> Exercise details
Take the line with "Skiën in de Alpen — Stockvideo" as the first and the last line of the data as the end. Write out both and every line between exactly, except pictures.

(Captioned web image data)

■ ■ ■ ■

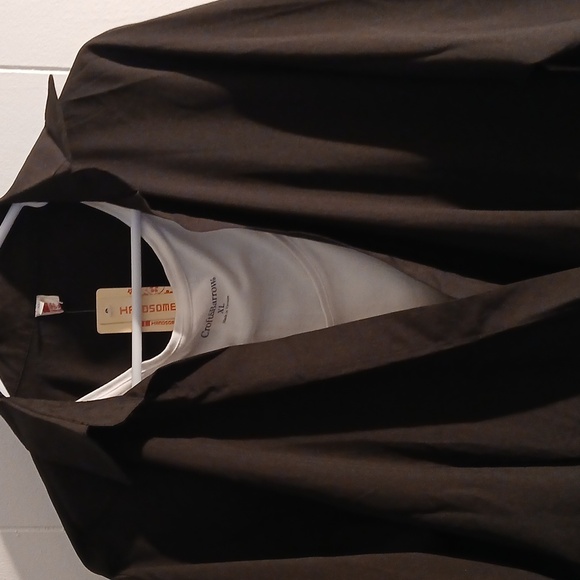 Black cross over button over top - Picture 3 of 7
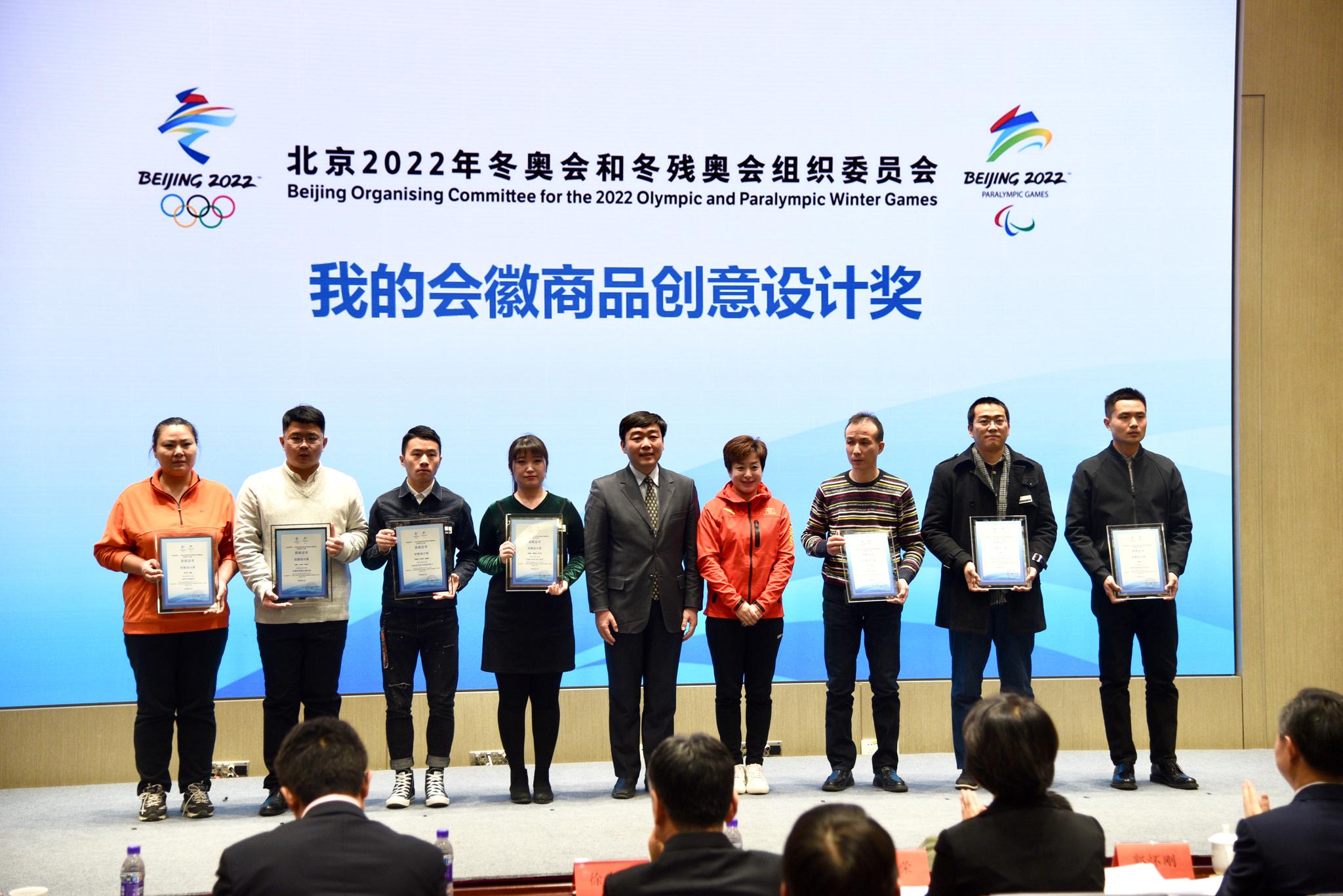 北京冬奥组委新闻宣传部部长常宇与运动员郭丹丹为个人参赛获奖者颁奖.jpg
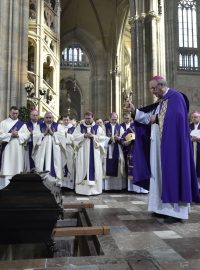 Duchovní ukládají rakev s ostatky kardinála Miloslava Vlka do arcibiskupské hrobky v zadní části katedrály svatého Víta na Pražském hradě. Olomoucký arcibiskup Jan Graubner pronesl několik slov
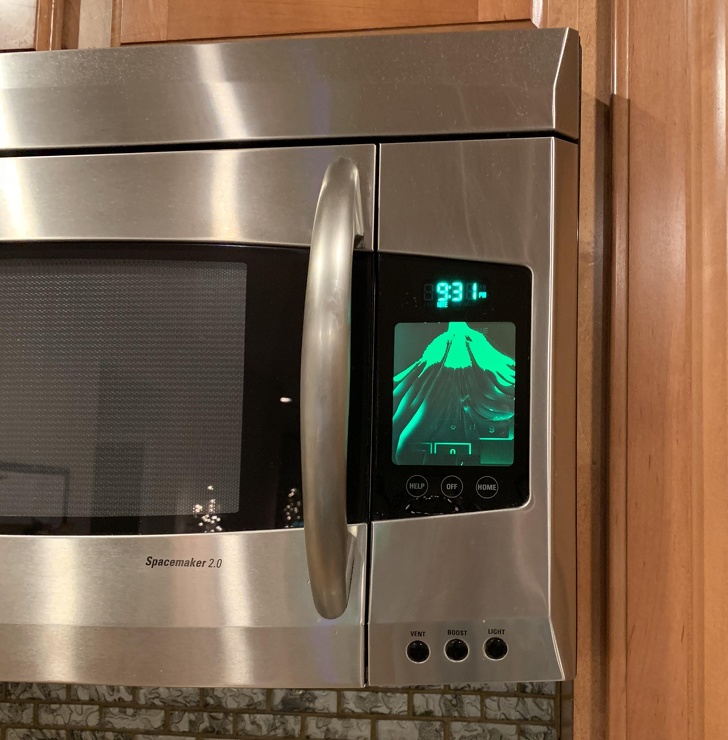 Illustration de l'article : 25 glitches that ended up producing a work of art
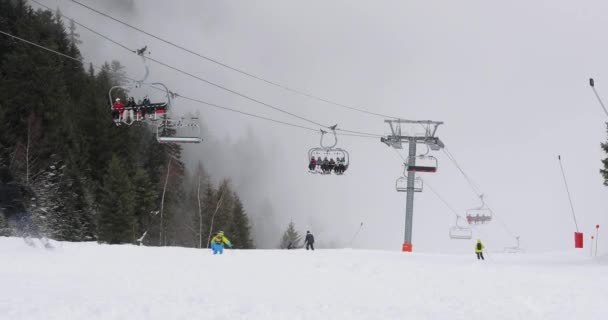 Skiën in de Alpen — Stockvideo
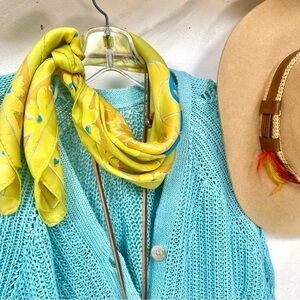 Beautiful SILK vintage boho folk floral scarf/wrap w southwestern prairie vibe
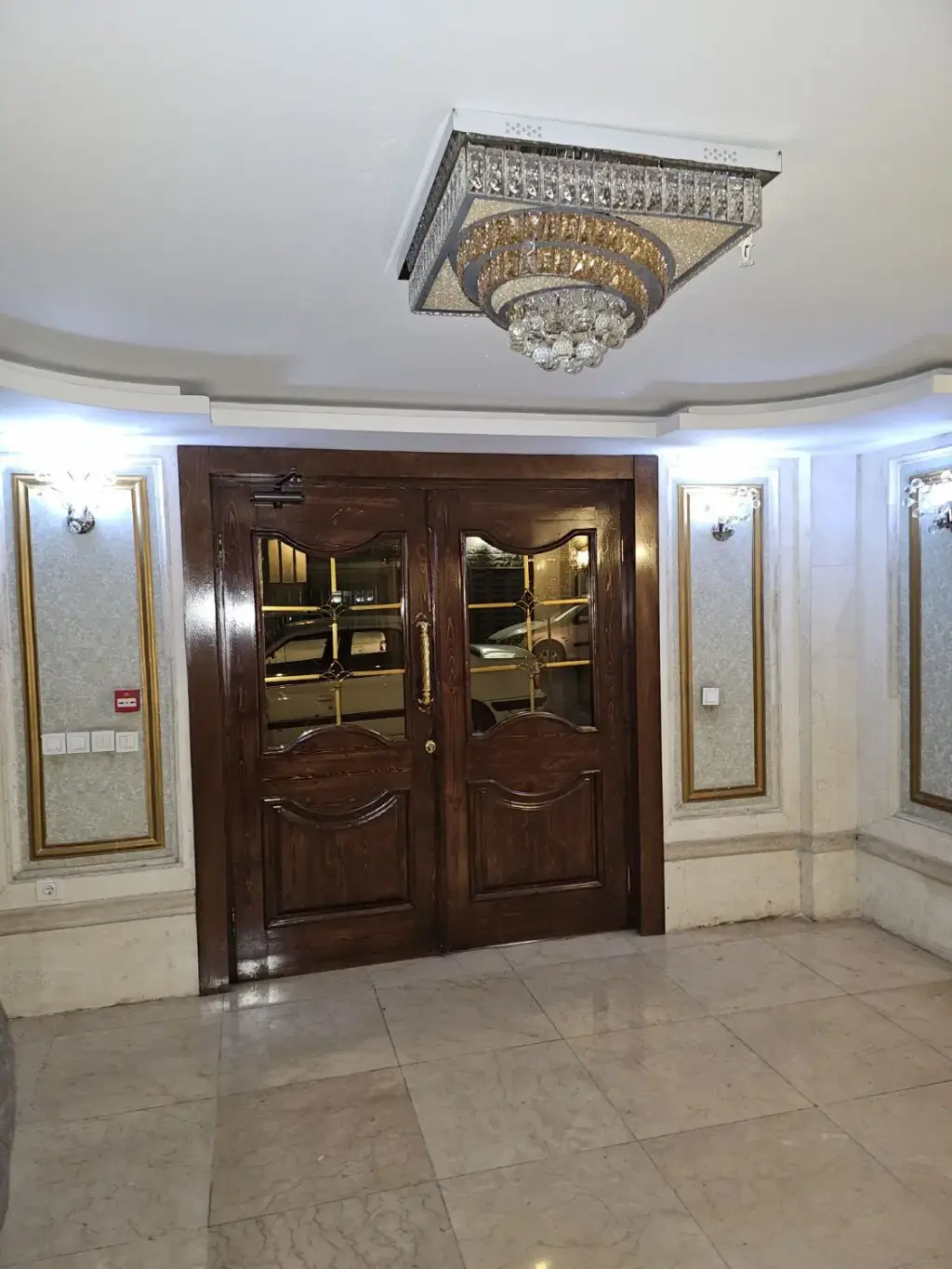 فروش آپارتمان 95 متری در شهران جنوبی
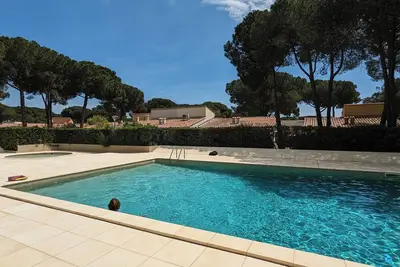 Image de Cap d'Agde, villa 4 pers, sécurisée climatisée, wifi gratuit, piscine parking.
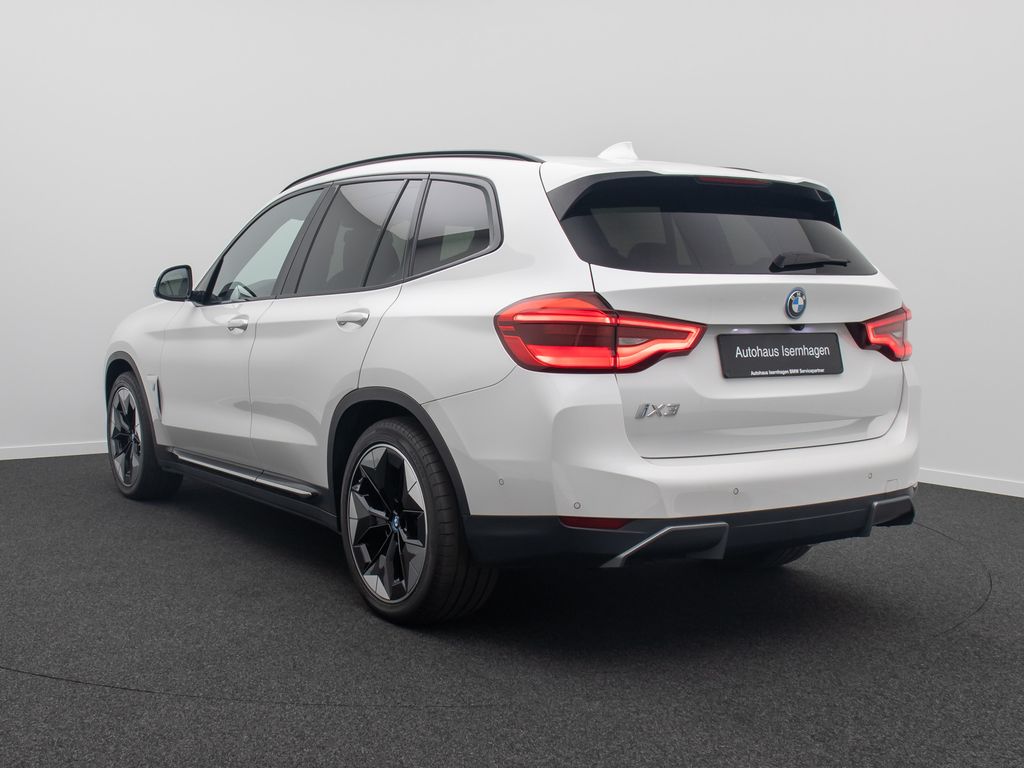 BMW iX3 2021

■ ■ ■ ■

> Completed exercise
 Skiën in de Alpen — Stockvideo
 Beautiful SILK vintage boho folk floral scarf/wrap w southwestern prairie vibe
 فروش آپارتمان 95 متری در شهران جنوبی
 Image de Cap d'Agde, villa 4 pers, sécurisée climatisée, wifi gratuit, piscine parking.
 BMW iX3 2021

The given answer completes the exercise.